Two parents have been found guilty of the manslaughter of their newborn daughter, who died after they took her to live in a tent in freezing wintry conditions to evade social services.

Constance Marten and Mark Gordon, who had had their first four children taken into care, went on the run with their fifth, a baby girl named Victoria, shortly after her birth in December 2022.

Despite having access to thousands of pounds from Marten’s trust fund, the couple insisted on living off-grid, hoping to avoid having a fifth child taken into the state’s care. Prosecutors said they spent thousands of pounds on taxis to take them almost the length of England as they sought to evade the authorities, but could not find the wherewithal to provide adequate clothing and care for their child.

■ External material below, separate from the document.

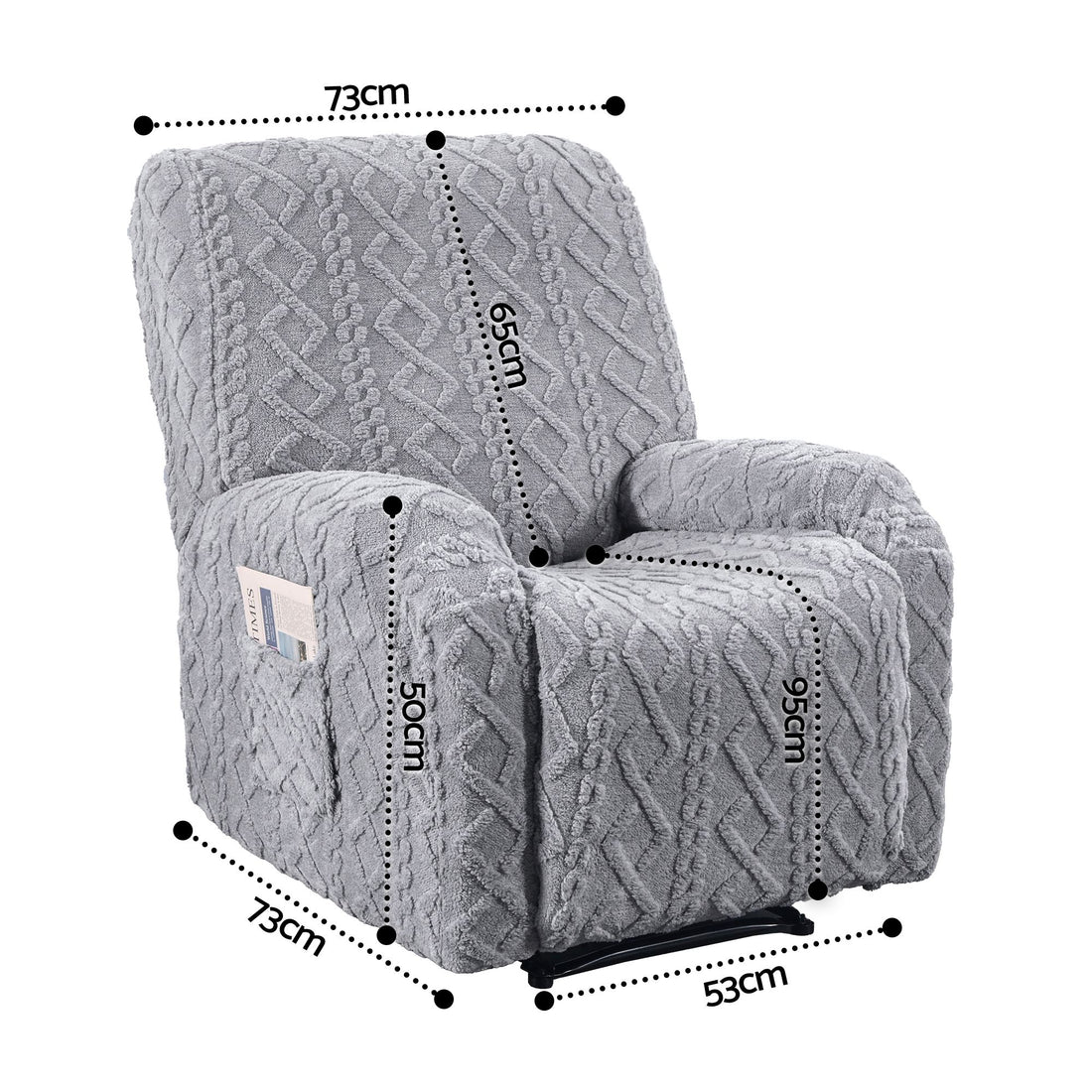 Artiss Recliner Chair Covers with Storage Side Pockets Grey-Furniture > Bar Stools &amp; Chairs > Arm Chairs &amp; Recliners-PEROZ Accessories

It was their insistence on keeping the baby with them – even if that meant her being placed in “utterly reckless, utterly dangerous” conditions in a tent in winter – that ultimately made Victoria’s death inevitable, the prosecutor Tom Little KC told the court during the trial at the Old Bailey.

The background of social services’ involvement with the family was also important, he said, because the defendants had been warned of the dangers, including of sleeping in a tent with a young child.

Speaking after the verdicts were delivered, DCI Joanna Yorke, who led the investigation, said the couple’s “selfish actions” had resulted in the death of a baby who should have had the rest of her life ahead of her.

“We know today’s verdict won’t bring Victoria back, but I am pleased our investigation has resulted in the couple who caused her death finally being brought to justice,” she said.

The prosecution said Victoria was likely to have died of hypothermia in cold conditions in the tent, or of hyperthermia while wrapped up in her mother’s clothing.

The court heard that Gordon had been convicted of raping a woman in the US when he was 14, for which he had served 22 years in prison. And in 2017 he was convicted of assaulting two female police officers at a maternity unit in Wales where Marten had given birth to their first child under a fake identity.

It can now also be reported that the couple’s first four children were taken into care after Gordon was suspected of an incident of domestic violence in 2019 that left Marten with a shattered spleen.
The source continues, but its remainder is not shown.